Turn your pantry into a tool to help you save money on your groceries. The pantry is the unsung hero of rock-bottom grocery bills. It will help you save money in several ways:

  • When you have enough storage space, you can stock up at sales and buy in bulk. The goal is to buy enough of each non-perishable item at a low price to last until the next time you find a great deal. This saves time as well as money since you’re not running to the store as frequently.
  • Avoid expensive convenience foods and the drive-through window at fast food restaurants.  Keep ingredients on hand to cook from scratch. Also store home cooked meals and your homemade convenience foods for those too-busy-to-cook times
  • The pantry isn’t just for “store-bought” food. It’s a place to keep homemade mixes, jams, jellies and home-canned or dehydrated foods.
  • A well-stocked pantry provides a reserve of food in case illness, financial difficulties or an emergency situation makes it difficult or impossible to shop.

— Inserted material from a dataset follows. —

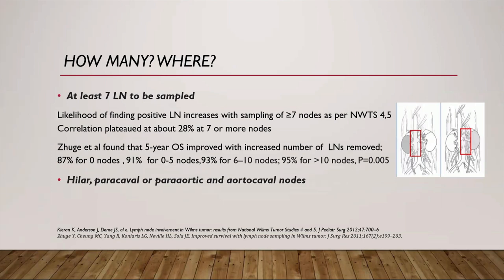Regarding how many nodes to sample, both NWTS-4 and 5 demonstrated that the likelihood of finding a positive node increases with sampling of 7 or more nodes, with lymph node positivity plateauing at about 28% at 7 or more nodes. In a multivariate analysis study by Zeug et al., five-year overall survival was significantly related to the number of nodes removed, improving from 87% with no lymph node sampling to more than 95% for more than 10 nodes removed. Nodes should be removed from the hilar, paracaval, or paraaortic areas, and aortocaval nodes depending on tumor size.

But what if you don’t have a pantry?

But what if you don’t have a pantry? Or your pantry is too small to store much food? No problem. Look around your home to find some space that you could use to create a pantry or several mini-pantries. For example:

  • Kitchen cupboards. Are there infrequently used items in your cupboard that could be stored elsewhere or discarded to make way for food? Can you use shelf dividers, organizers, turntables, sliding shelves or risers to create more usable space in each cupboard? Is there space in your cupboards to add a shelf? Can you put bulky item on top of the refrigerator? Can you free up cupboard space by hanging your pots, adding a spice rank or putting up a pegboard a la Julia Child to hold your kitchen gadgets?
  • Refrigerator and freezer. I think of my refrigerator and freezer space as part of my pantry. Along with the usual items, I keep homemade mixes, gluten–free flours, homemade yogurt, stock, vegetable trimmings to turn into my next batch of soup or stock, home-frozen dinners, pasta sauces, pizza crusts, breads and home-baked desserts.
  • Closets. My everyday pantry used to be coat closet. The addition of shelves turned it into a convenient pantry. The Flylady’s associate Leanne Ely turned her linen closet into a pantry. If you can’t spare a whole closet, is there a part of a closet that you can use? And don’t forget that frequently-wasted piece of real estate—the inside of the closet door.
  • Basement or utility room. As long as your basement doesn’t flood or have moisture problems, this can be a great place to make a pantry. You can use second-hand bookcases, plastic bookcases or metal shelving to store food and supplies. Remember to keep your food away from the furnace. Heat shortens the shelf life of food. Also, food containers should not be stored directly on a concrete floor. Moisture can seep up and spoil the food. Use a piece of wood to raise the containers off the floor. If you don’t have a basement, but you have a utility area for your washer and dryer, is there space to put shelves over the machines or to one side of them?
  • The divided room. Author Barbara Salsbury tells about turning part of her child’s nursery into a pantry. Do you have corner in a guest room to create a pantry? You can use a screen, curtains or bookcases to separate the space.
  • The hidden pantry. An old armoire can be fitted with shelves to make a pantry. Or do you have a spot under a staircase that could be used for storing food? In Smart Closets Makeovers, there is a photo of a pantry created by putting shelves between wall studs. The narrow pantry has a door that matches the paneling in the room. Very impressive, but utterly beyond my do-it-yourself skills. Those who are very space-challenged can use extra-large lasagna pans or boxes on rollers for storage under a bed or couch. Make sure your hidden pantry is easily accessible so that you can use it every day.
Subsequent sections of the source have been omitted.